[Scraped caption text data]
○ ○ ○ ○ ○

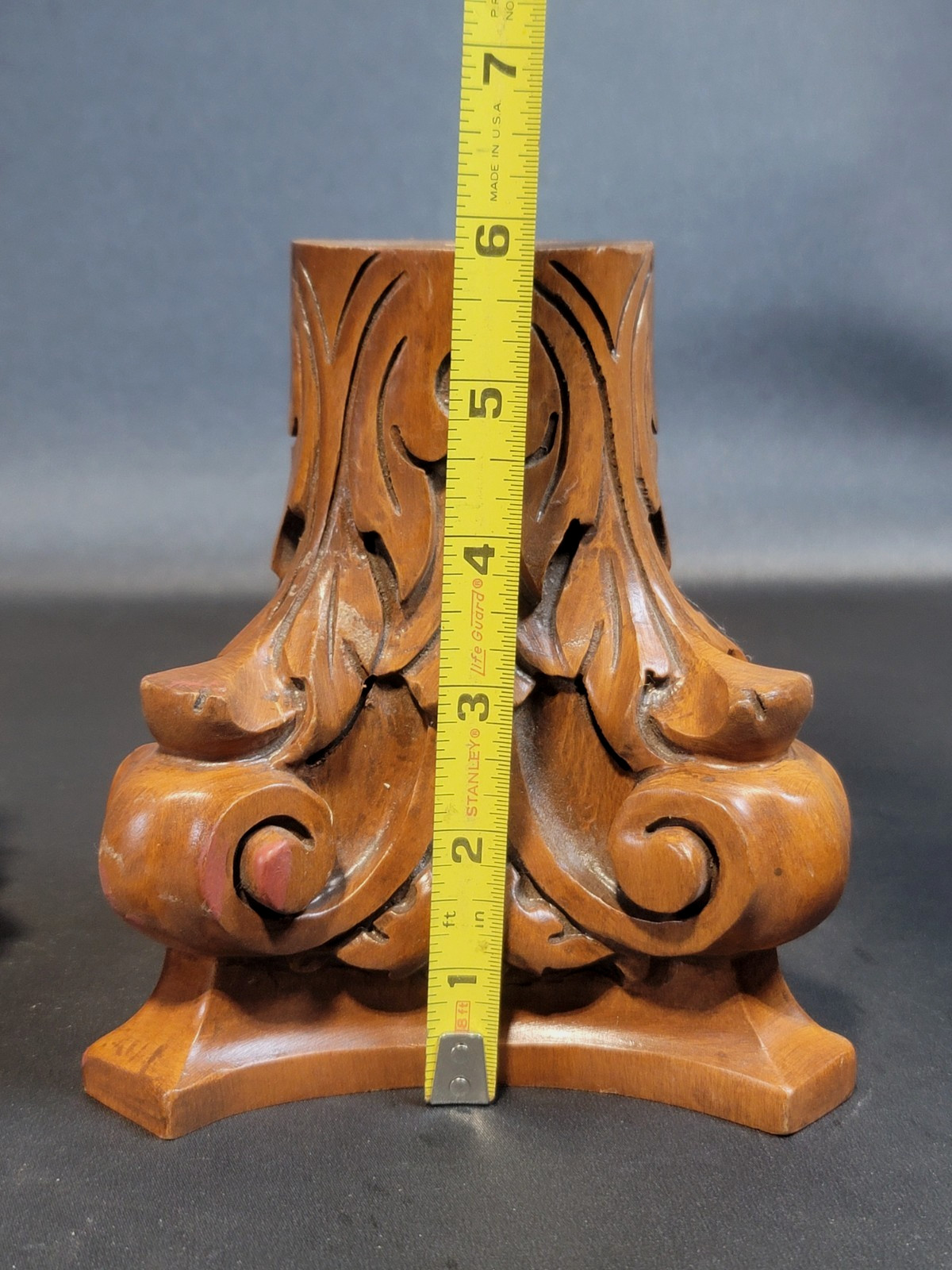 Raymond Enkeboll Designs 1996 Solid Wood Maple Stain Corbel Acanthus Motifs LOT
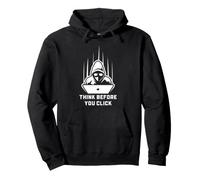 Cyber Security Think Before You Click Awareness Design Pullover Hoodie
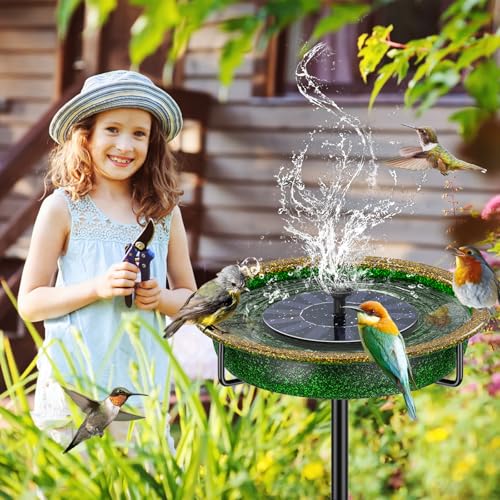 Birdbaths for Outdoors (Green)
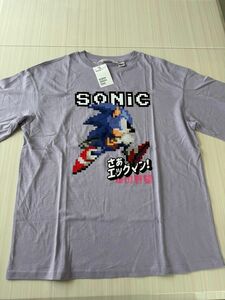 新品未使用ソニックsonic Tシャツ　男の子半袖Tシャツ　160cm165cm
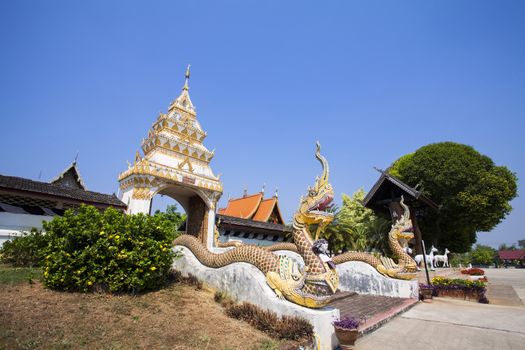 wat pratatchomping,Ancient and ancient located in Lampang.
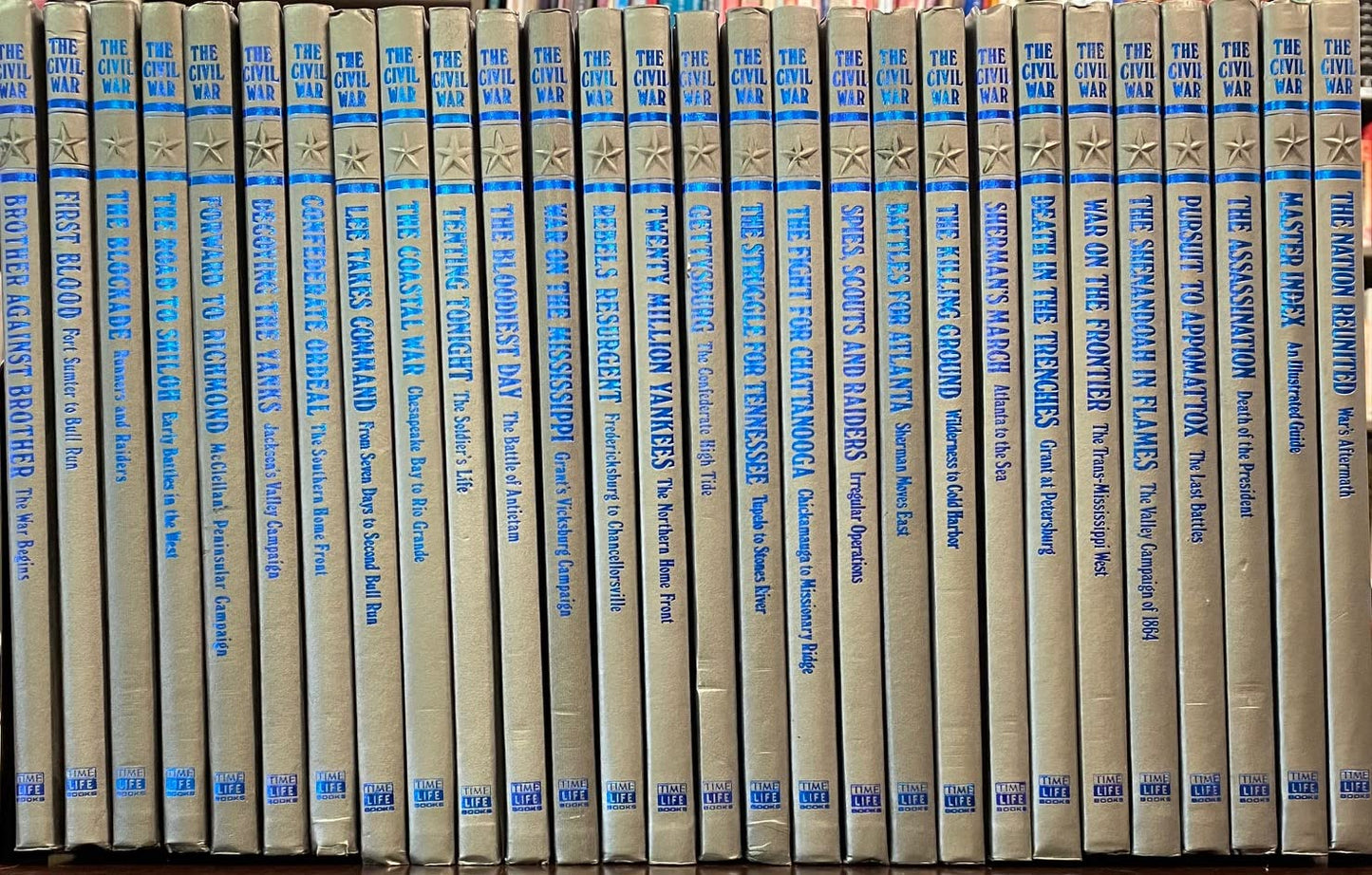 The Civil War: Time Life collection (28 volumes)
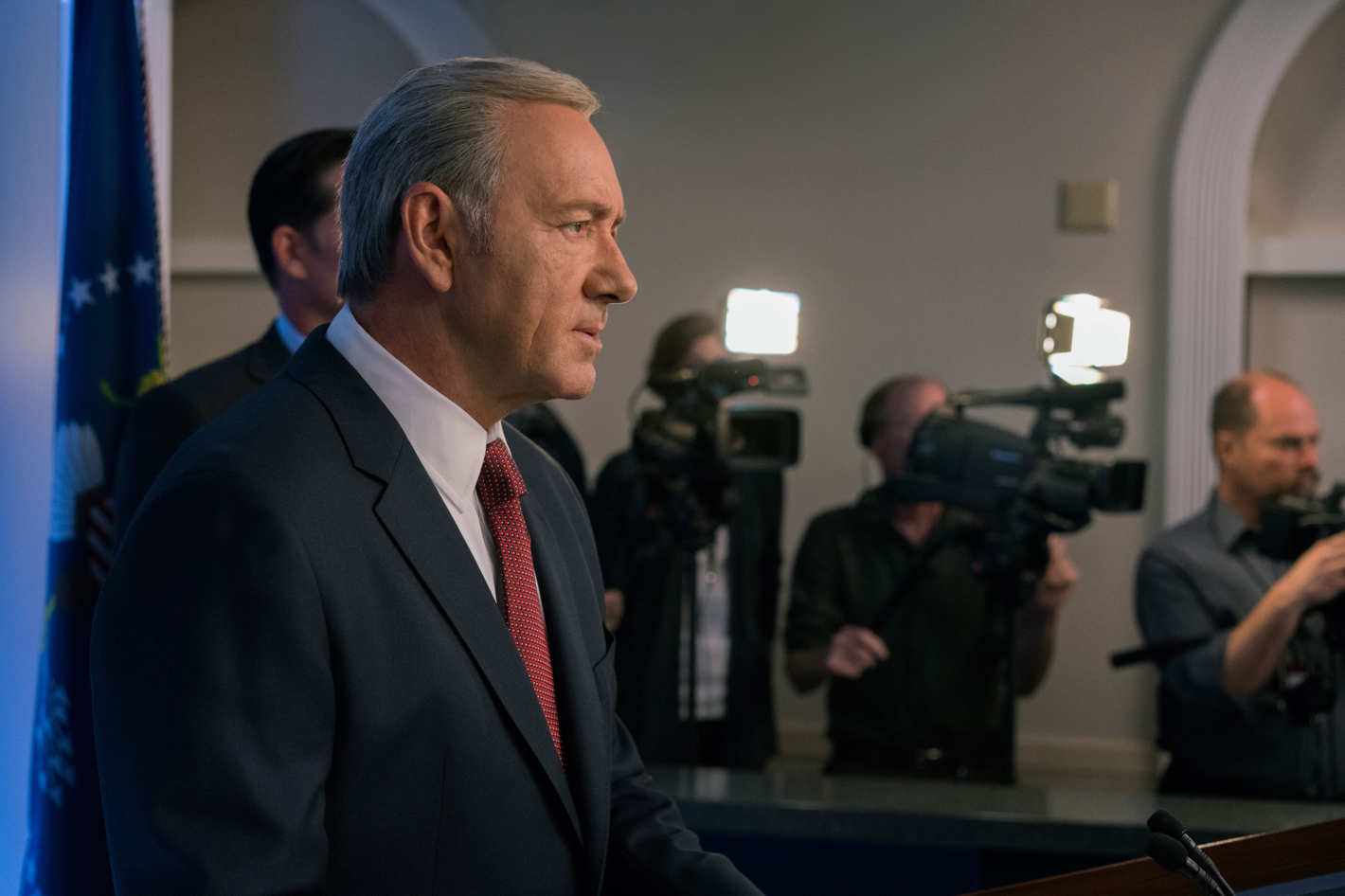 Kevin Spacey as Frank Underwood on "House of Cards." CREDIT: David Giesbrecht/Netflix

○ ○ ○ ○ ○

■ Your instructions
Repeat the entries word for word and skip the pictures.

■ Solution for this exercise
 Raymond Enkeboll Designs 1996 Solid Wood Maple Stain Corbel Acanthus Motifs LOT
 Cyber Security Think Before You Click Awareness Design Pullover Hoodie
 Birdbaths for Outdoors (Green)
 新品未使用ソニックsonic Tシャツ　男の子半袖Tシャツ　160cm165cm
 wat pratatchomping,Ancient and ancient located in Lampang.
 The Civil War: Time Life collection (28 volumes)
 Kevin Spacey as Frank Underwood on "House of Cards." CREDIT: David Giesbrecht/Netflix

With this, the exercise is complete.